If you relied on Hollywood, you’d think that medical examiners are stern phlegmatic sorts. But this certainly isn’t the case when you meet Dr. Matt Bowes, Nova Scotia’s chief medical examiner.

He has a kindly demeanour and a fascinating background. After earning a medical degree at Queen’s University, he went on to study anatomical pathology at Dalhousie University, and the forensic pathology at the Miami–Dade County Medical Examiner Department.

In 2003 Bowes became immersed in the harshest realities of his profession. when he became an associate medical examiner and forensic fellow with the Miami-Dade County’s medical examiner’s department in Florida.

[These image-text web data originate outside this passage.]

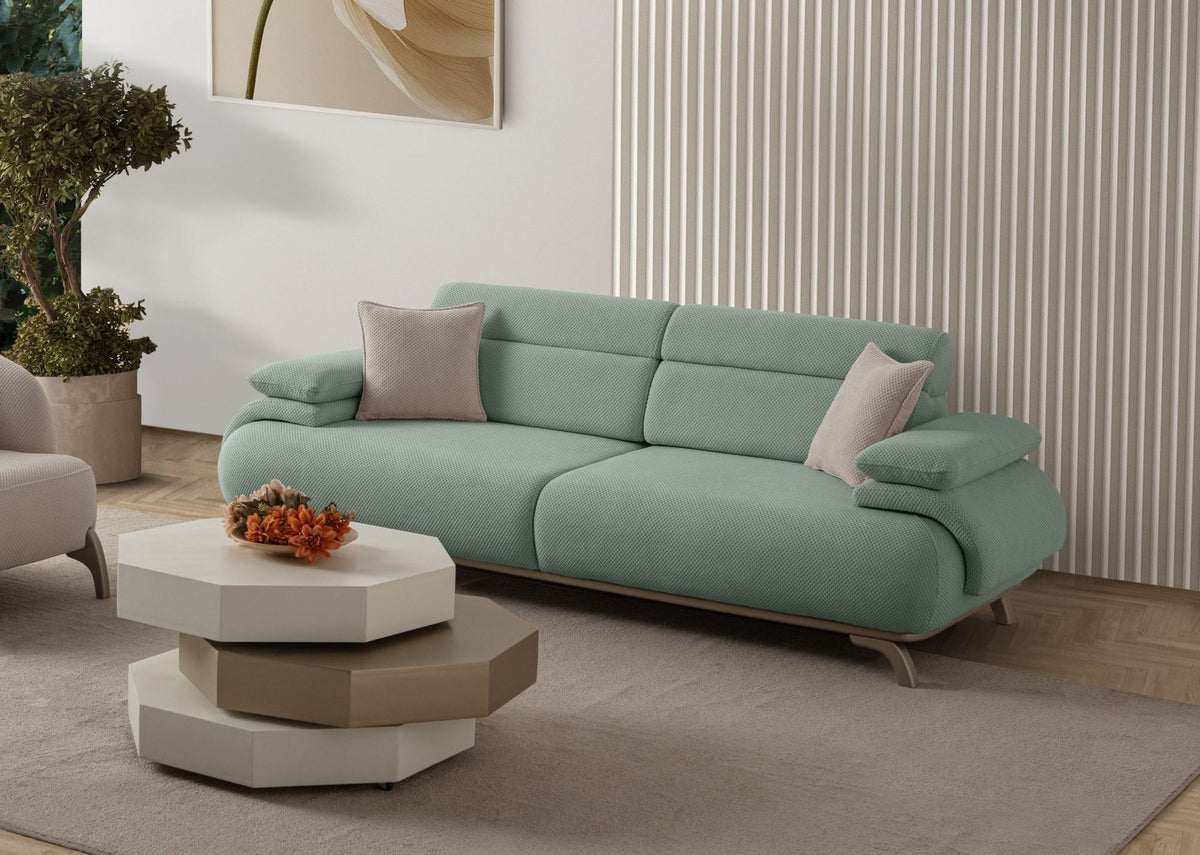 Seegrünes 3-Sitzer-Sofa Bonjo Silver von Hanah Home mit Polyesterbezug, Holzbeinen und zwei losen Kissen, Frontalansicht des Möbelstücks.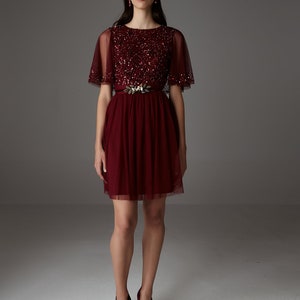 Könnte beinhalten: Ein burgunderfarbenes Tüllkleid mit einem Paillettenoberteil und einem goldenen Blattgürtel. Das Kleid hat kurze Ärmel und einen ausgestellten Rock.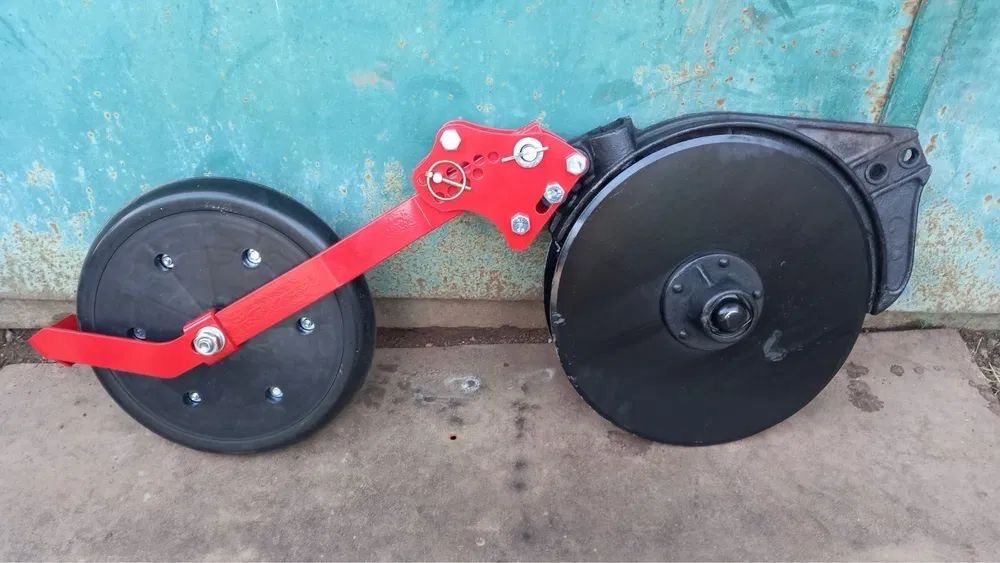 Запчастини сівалки СЗ Сошник прикатка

Working with renowned medical examiner Dr. Joseph Davis (who performed some 10,000 autopsies over his career) inspired him. “I would say that he was a brilliant man who loved to teach and was universally admired by everyone who met him,” Bowes recalls. 

That opportunity prepared him to become chief medical examiner in Halifax in 2004. 

He soon discovered that the medical examiner’s s building in Halifax was in a terrible condition, cramped and poorly designed. Bowes began lobbying for a new building, convincing three MLAs to tour the state-of-the-art chief medical examiner’s offices in Florida where he had spent a year. “They were give an in-depth tour, they met the chief medical examiner, and what they saw there couldn’t help but persuade them that I was right,” Bowes says.

In 2012, the Dr. William D. Finn Centre for Forensic Medicine opened in Dartmouth. (Finn was Canada’s first medical examiner, known for his work after the Halifax Explosion and Titanic disaster). and he had worked through the Halifax explosion and the Titanic disaster.)

Bowes is proud of the building. “We have a very comfortable meeting room where highly trained nurses with backgrounds in forensic medicine and critical care nursing now provide an environment that is so comforting for those who have often been badly traumatized,” he says.

He adds that he considers being able to help people find closure, especially in perplexing cases, is a privilege. 

“I believe it is absolutely imperative when, for example, there was no evidence that a crime had taken place, nor was negligence involved, that I share this consoling information with those who have been hurting so much,” he explains. “I recognize that, in the past, when this did not happen… loved ones must have been left haunted by such a painful legacy.”

The tone turns lighter when Bowes discusses what his four children think of his job: “I think it was my wife who first began to tell the kids that I am a doctor who solves mysteries.”